House Science Committee Chairman Lamar Smith (R-Tex.) on Tuesday took a new tack in his confrontation with federal officials over a high-profile climate change study, backing away — for now — from his demands that the emails of the scientists who wrote it be turned over to lawmakers.
But Smith stepped up his pressure on the National Oceanic and Atmospheric Administration for the internal deliberations of other high-level agency employees, including the office of the administrator, and the staffs of the offices of communications, legislative and intergovernmental affairs and the chief information officer.
The new strategy from the Texas Republican, who is investigating the scientists’ research and publication of a study debunking the idea of a global warming slowdown or “pause,” comes less than a week after a national uproar from the scientific community.
Seven prominent scientific organizations representing hundreds of thousands of scientists signed a letter to Smith last week warning that his campaign against NOAA is “establishing a practice of inquests” that will have a chilling effect on their academic freedom.
In a letter to Commerce Secretary Penny Pritzker on Tuesday, Smith, a prominent congressional climate change skeptic, said NOAA has “failed to act in good faith” to cooperate with his committee’s oversight efforts.
“As has been made clear repeatedly in meetings, telephone calls and e-mail exchanges with NOAA and [Commerce Department staff], the Committee’s ongoing oversight requires the production of e-mails and other communications sent and received by NOAA officials,” Smith wrote to Pritzker, whose agency includes NOAA.
But for the first time since he issued a subpoena to NOAA Administrator Kathryn Sullivan in October for emails and other communications showing the deliberations of both the scientists who did the research and high-level staff, Smith gave the agency a pass on the scientists.

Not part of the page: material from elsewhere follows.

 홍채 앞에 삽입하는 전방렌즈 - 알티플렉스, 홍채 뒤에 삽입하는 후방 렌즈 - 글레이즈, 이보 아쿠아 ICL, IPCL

“In order to move the Committee’s work forward…the Committee is willing to accommodate NOAA and prioritize communications sent and received by non-scientific personnel,” Smith wrote.
But he wrote that this “does not alleviate” the agency’s responsibility to provide the scientists’ deliberations eventually.
The scientists’ emails are at the center of a two-month confrontation between Smith and the Obama administration over a pivotal study of global warming that NOAA researchers published in June in the peer-reviewed journal Science. By rebutting the idea of a warming “pause” using updated land and sea temperature data, the study undercut the arguments of climate change skeptics like Smith.
In October, Smith subpoenaed the emails of the scientists and other NOAA officials, saying they would prove that the scientists altered global temperature data to arrive at their conclusion in order to promote the president’s climate agenda, which he has characterized as “extreme.”
Smith also alleged in two other letters to Pritzker last month that the study was “rushed to publication” and may have violated NOAA’s scientific integrity standards. Sullivan has denied both claims and refused to turn over emails of either the scientists or other officials at her agency, saying that internal deliberations are confidential and should not be disclosed for fear they could be misinterpreted.
In reference to Smith’s latest letter, NOAA spokeswoman Ciaran Clayton said in an email, “We’re in receipt of the letter and are currently reviewing it.”
While an aide to Smith said the letter does not mean the chairman is backing down from seeking the scientists’ communications, advocacy groups saw the chairman’s letter as decisive.
“We’re happy to see this additional shift in Chairman Smith’s approach, and would like to think that his decision to prioritize other communications is in response to the extensive concerns raised by scientists,” said Michael Halpern of the Union of Concerned Scientists, a nonprofit science advocacy group. “It remains an abuse of power to subpoena the deliberative correspondence of scientists.”